The state moved to dismiss the lawsuit, arguing that it can’t constitutionally be compelled to implement federal endangered species policy. It’s right, of course. The Supreme Court has repeatedly recognized that “[n]o matter how powerful the federal interest involved, the Constitution simply does not give Congress the authority to require the States to regulate.” But the district court disagreed, expressly ruling that the statute imposes an affirmative duty on states to use its regulatory power to protect species.
[T]he Court assumes that the Act imposes on governmental agencies, including the Commissioner, a broad affirmative duty to take such measures as are reasonably necessary to protect threatened species within their jurisdictions. See 16 U.S.C. §§ 1531(a)(4) (declaring that the United States “has pledged itself … to conserve to the extent practicable the various species … facing extinction”); id. § 1531(b) (noting that a primary purpose of the Act is “to provide a program for the conservation of … endangered species and threatened species”); id. § 1532(3) (defining “conservation” as “the use of all methods and procedures which are necessary to bring any endangered species or threatened species to the point at which the measures provided pursuant to this Act are no longer necessary”); see also Tenn. Valley Auth. v. Hill, (noting that “[t]he dominant theme pervading all Congressional discussion of the proposed [Endangered Species Act of 1973] was the overriding need to devote whatever effort and resources were necessary to avoid further diminution of national and worldwide wildlife” (emphasis in original) (citation omitted)); Palila v. Hawaii Dept’ of Land & Natural Resources, (“The Act requires affirmative preservation of an endangered species”).

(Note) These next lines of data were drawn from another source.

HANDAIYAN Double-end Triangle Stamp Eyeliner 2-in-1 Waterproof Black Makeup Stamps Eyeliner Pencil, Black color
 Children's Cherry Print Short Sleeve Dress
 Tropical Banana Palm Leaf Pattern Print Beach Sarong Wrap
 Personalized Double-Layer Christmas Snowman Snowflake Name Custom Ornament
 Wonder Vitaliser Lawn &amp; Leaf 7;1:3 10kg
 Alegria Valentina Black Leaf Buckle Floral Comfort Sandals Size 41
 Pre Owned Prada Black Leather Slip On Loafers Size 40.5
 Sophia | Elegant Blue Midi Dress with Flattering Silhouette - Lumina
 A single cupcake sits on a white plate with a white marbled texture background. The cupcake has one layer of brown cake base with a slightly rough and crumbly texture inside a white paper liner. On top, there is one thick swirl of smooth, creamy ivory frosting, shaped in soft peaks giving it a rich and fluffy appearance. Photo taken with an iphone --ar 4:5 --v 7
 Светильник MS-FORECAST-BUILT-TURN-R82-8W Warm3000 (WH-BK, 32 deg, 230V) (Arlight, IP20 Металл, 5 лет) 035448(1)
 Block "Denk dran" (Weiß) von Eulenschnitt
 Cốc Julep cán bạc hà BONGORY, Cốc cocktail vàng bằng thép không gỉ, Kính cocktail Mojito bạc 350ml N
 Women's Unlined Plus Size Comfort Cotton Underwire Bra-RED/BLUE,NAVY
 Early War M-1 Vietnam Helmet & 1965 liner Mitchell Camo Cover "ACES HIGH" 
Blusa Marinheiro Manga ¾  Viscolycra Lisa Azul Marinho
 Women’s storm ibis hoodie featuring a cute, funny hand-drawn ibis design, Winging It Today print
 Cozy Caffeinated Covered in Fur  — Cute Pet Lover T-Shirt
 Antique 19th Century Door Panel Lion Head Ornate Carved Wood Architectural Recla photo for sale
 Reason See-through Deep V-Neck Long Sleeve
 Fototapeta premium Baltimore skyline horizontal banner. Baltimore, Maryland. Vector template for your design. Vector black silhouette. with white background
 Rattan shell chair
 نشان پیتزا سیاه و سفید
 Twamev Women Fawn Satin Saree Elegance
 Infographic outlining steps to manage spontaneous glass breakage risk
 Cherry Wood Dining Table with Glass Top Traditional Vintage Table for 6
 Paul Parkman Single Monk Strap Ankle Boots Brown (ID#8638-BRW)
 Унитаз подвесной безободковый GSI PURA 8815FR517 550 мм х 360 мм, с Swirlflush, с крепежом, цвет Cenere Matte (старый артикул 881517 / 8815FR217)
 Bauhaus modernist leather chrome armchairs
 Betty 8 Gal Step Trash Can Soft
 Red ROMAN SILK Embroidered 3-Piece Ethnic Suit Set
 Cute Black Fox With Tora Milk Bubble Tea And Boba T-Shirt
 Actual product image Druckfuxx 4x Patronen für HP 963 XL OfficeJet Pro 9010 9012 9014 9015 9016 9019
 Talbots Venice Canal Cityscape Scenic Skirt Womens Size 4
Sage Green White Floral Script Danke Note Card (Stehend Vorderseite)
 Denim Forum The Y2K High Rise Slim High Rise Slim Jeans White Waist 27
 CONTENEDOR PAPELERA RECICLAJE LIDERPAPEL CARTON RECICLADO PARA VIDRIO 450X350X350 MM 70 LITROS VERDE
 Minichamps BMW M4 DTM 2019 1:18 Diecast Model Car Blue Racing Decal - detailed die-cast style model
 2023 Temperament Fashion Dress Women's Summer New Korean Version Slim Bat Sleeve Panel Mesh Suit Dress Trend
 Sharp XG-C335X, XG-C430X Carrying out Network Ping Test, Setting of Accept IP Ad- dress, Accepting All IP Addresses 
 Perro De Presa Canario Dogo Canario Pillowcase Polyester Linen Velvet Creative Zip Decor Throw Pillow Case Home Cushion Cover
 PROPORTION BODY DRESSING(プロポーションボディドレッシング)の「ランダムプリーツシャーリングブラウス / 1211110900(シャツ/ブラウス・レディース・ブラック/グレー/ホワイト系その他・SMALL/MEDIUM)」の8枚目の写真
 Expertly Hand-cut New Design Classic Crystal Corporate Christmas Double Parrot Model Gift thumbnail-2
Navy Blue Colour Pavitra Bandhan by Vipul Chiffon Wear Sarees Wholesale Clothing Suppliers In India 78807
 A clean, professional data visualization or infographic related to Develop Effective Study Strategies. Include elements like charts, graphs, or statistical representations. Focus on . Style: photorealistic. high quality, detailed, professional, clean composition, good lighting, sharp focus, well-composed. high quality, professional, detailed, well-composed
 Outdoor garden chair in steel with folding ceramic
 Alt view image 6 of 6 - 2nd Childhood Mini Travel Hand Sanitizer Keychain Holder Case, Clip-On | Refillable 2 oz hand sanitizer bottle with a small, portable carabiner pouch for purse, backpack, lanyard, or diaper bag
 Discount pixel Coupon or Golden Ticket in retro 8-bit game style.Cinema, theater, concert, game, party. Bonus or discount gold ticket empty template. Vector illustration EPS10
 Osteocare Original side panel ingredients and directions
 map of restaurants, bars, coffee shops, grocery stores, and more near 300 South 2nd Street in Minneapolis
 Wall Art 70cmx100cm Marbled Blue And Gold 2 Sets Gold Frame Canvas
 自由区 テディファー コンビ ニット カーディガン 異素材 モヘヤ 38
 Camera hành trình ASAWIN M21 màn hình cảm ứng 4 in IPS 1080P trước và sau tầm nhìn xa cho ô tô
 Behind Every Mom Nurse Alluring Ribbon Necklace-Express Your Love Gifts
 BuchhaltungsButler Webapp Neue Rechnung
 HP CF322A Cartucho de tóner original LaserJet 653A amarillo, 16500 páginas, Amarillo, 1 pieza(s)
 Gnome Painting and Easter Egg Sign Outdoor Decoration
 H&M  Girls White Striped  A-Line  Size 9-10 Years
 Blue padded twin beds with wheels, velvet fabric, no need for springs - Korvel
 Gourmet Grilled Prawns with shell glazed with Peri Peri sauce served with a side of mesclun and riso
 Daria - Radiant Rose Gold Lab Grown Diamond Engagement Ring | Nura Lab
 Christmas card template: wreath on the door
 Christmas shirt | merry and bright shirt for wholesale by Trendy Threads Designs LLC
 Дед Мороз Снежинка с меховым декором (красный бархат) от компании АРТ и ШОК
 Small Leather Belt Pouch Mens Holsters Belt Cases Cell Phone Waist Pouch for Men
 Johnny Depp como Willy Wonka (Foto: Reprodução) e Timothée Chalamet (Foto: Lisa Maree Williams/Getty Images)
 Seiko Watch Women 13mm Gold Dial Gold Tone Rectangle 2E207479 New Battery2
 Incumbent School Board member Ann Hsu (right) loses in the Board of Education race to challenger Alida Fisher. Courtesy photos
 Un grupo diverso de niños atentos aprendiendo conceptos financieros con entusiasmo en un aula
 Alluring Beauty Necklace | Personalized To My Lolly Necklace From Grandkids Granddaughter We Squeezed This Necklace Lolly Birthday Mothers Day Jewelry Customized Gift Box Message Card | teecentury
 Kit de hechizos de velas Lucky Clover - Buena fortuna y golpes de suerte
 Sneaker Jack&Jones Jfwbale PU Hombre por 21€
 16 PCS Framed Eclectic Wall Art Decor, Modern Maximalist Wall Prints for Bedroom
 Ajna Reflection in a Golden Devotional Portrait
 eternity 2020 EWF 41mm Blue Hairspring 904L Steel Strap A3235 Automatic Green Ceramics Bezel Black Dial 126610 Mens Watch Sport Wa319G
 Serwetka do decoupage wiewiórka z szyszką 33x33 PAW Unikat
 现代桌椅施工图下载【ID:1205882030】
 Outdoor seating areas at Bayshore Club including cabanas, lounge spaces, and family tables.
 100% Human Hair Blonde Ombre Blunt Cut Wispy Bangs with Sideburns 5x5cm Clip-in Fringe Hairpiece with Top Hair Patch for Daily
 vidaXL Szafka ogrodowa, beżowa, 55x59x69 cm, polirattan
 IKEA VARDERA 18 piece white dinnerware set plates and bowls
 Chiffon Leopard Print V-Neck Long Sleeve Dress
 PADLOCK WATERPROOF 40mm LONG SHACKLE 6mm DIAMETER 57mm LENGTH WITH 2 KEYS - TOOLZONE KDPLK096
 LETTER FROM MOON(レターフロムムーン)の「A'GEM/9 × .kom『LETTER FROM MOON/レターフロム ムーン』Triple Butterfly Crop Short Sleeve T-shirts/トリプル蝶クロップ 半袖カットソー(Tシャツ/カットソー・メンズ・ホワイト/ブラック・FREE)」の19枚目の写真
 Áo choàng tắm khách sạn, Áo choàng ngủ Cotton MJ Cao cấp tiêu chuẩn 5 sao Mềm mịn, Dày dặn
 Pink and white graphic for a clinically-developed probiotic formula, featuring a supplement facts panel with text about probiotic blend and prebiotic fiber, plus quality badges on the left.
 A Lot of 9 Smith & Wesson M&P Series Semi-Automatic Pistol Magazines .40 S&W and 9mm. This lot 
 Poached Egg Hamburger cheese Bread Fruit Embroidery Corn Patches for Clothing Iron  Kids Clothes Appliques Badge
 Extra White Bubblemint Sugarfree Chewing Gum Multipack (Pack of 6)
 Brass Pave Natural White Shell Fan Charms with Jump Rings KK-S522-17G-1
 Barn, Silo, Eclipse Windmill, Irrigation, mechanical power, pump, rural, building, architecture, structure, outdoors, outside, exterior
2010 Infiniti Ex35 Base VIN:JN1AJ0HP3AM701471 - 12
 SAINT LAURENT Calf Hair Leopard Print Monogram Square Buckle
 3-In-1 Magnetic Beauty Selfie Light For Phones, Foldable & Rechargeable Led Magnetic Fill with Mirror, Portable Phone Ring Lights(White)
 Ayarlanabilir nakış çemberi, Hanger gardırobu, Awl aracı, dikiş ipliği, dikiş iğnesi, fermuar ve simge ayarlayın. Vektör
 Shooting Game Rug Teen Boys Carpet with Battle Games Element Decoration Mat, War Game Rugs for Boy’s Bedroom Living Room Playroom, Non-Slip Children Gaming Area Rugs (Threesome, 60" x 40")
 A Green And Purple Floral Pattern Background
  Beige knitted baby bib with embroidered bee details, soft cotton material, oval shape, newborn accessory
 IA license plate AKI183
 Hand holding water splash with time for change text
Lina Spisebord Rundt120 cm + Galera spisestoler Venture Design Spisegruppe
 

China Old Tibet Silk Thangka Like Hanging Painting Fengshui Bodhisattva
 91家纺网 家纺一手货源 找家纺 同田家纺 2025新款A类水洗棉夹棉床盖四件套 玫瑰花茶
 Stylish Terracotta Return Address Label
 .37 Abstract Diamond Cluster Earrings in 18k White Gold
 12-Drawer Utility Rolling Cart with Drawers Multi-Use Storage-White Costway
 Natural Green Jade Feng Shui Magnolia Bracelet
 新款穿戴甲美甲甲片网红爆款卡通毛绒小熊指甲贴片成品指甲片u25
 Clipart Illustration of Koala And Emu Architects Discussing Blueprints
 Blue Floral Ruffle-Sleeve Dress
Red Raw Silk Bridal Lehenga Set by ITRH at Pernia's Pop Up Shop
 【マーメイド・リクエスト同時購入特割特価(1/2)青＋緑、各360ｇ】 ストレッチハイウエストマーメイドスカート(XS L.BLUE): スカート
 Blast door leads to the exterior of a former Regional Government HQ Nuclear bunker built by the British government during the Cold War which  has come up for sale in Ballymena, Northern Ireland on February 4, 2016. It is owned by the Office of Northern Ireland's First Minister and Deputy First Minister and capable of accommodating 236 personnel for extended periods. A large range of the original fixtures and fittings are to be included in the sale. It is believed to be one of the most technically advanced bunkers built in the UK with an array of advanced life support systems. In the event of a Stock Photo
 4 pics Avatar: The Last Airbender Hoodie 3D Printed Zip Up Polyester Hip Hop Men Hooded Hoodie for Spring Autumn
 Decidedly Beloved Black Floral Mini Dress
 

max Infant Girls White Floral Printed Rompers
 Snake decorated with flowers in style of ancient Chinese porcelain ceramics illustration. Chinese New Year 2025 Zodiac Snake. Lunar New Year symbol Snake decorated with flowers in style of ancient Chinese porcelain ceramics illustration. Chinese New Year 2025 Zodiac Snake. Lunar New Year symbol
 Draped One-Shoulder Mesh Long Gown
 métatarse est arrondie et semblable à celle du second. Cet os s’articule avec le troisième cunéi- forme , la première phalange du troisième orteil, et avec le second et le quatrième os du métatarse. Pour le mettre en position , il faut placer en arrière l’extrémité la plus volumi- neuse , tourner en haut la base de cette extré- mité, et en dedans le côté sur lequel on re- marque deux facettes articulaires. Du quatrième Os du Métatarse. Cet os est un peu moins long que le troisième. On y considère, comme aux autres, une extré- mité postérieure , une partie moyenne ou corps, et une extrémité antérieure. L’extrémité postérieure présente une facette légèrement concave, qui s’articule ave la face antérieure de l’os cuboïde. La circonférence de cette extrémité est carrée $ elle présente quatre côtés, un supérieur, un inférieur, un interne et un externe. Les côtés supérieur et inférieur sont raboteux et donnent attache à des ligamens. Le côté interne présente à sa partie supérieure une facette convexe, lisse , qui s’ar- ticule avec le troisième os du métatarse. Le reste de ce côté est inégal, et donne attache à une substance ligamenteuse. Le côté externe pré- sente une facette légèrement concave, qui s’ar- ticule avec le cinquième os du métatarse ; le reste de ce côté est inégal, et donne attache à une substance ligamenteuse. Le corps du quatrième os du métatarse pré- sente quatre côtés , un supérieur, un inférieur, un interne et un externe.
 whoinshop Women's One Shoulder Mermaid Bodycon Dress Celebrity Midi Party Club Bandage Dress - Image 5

The court’s analysis skips one obvious step: even if Congress has imposed a duty to protect species on the federal government, nothing the court identifies extends that duty to the individual states. The statutory hook, the “take” prohibition, does not explicitly compel states to affirmatively regulate in furtherance of the statute’s goals. It’s broad, to be sure, but courts should not interpret statutes to alter the balance between the federal government and the states unless Congress makes it “unmistakably clear” that it wishes to do so. It hasn’t and, even if it had, the result would be unconstitutional. The Supreme Court, in New York and Printz, has clearly forbidden the conscription of states and state officials to implement federal policy.